Dans l’Italie fasciste, Mussolini mena une lutte au couteau contre la mafia sicilienne qui se replia aux USA pour revenir plus forte que jamais avec les bateaux US du débarquement de 1943, comme le démontra si bien Sciascia. La mafia est un outil essentiel du capitalisme anti-étatiste car il fait avancer à grand pas les « lois » de la jungle. Il se trouve que dans le monde contemporain, les mafias peuvent également servir des Etats comme en Russie.

Dans le cas Mexicain il s’agit d’en finir avec les vestiges de l’Etat passé (des droits sociaux acquis dans un univers politiquement peu démocratique), comme avec les possibles de l’Etat de demain (ceux de la gauche dans ses diverses variantes). Pour ce faire, l’une des valeurs populaires mise à l’index est celle de « la valeur travail ». Pourquoi se fatiguer une vie durant pour gagner autant en un seul mois ? Et si la mort est au bout qu’importe : il vaut mieux vivre des émotions fortes rapides que pas d’émotions du tout pendant des décennies ! Fernando Vallejo a écrit le chef d’œuvre littéraire représentatif de cette nouvelle génération : La vierge des tueurs. Au Mexique comme en Colombie les sicaires sont très croyants et vont prier la vierge pour qu’elle les aide à accomplir leurs crimes !

Ce phénomène n’a malheureusement rien d’original sur la planète et il nous impose une réflexion politique de la plus haute importance. Chez bien des jeunes Français, la tentation de l’argent facile devient naturelle. Et les discours de Sarkozy sur « la valeur travail » n’y changera rien. Pas plus que son souhait de changer la Caisse des dépôts en « fonds souverain » pour faire comme dans les pays comme la Chine ou l’Inde. Il traite toujours de l’écume des jours sans se pencher sur la profondeur des océans. Les mafias modifient les profondeurs de l’océan avec de grands risques personnels pour ceux qui s’y engagent, mais avec l’assurance que l’œuvre entreprise perdurera après leur disparition.

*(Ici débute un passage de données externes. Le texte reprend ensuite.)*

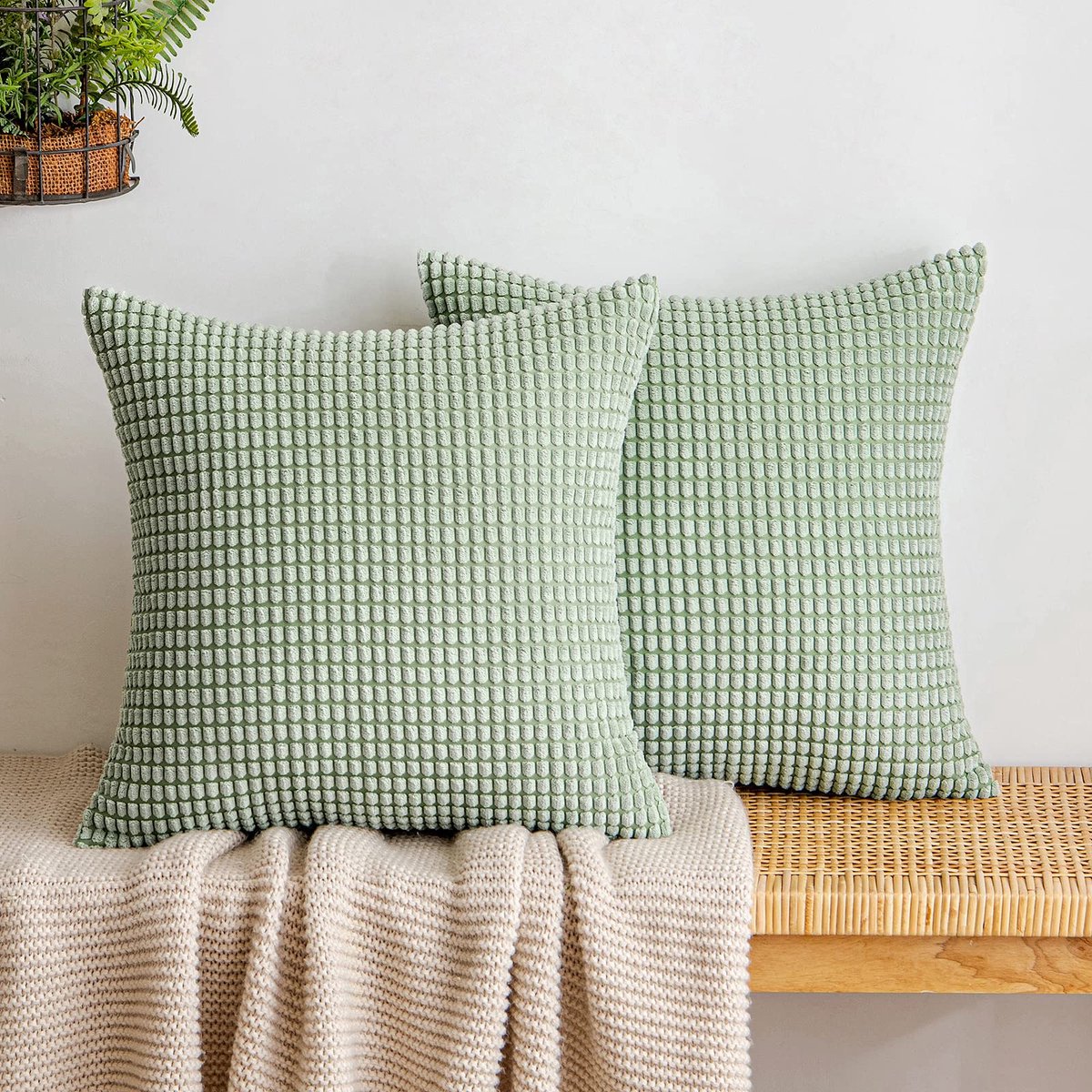 Azomor® Set van 2 decoratieve kussenhoezen voor sofa of woonkamer 40x40 cm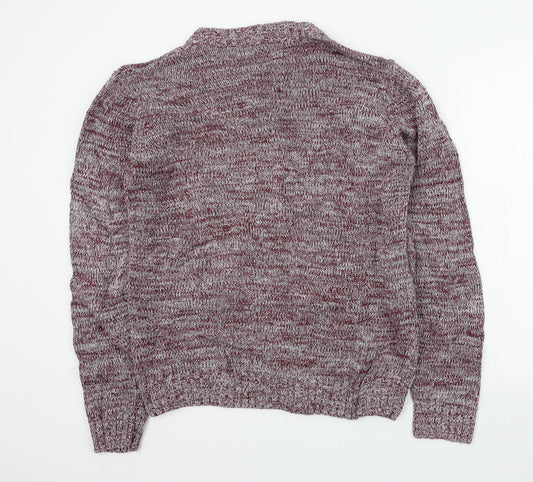 solid Mens Purple   Pullover Jumper Size L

La démocratie que nous avons à défendre et à proposer n’a pas comme seul adversaire le capitalisme financier (dit parfois néo-libéral), mais tout autant ce capitalisme féodal qui, avec ou sans Etat, fait reculer le principe même du droit. Lutter contre le seul capitalisme financier peut se retourner contre nous si le capitalisme féodal est le seul à en tirer bénéfice. En conséquence l’information sur les mafias du Mexique n’est à lire ni comme l’objet d’un folklore local, ni comme l’effet d’une marginalité contrôlable par le système. Quand on se souvient que, dans un tel pays, la culture populaire passe par les chansons, le fait que les chefs mafieux soient au cœur d’un style, les corridos, ça confirme l’impact global d’un phénomène qui peut symboliser ce nouveau siècle en construction.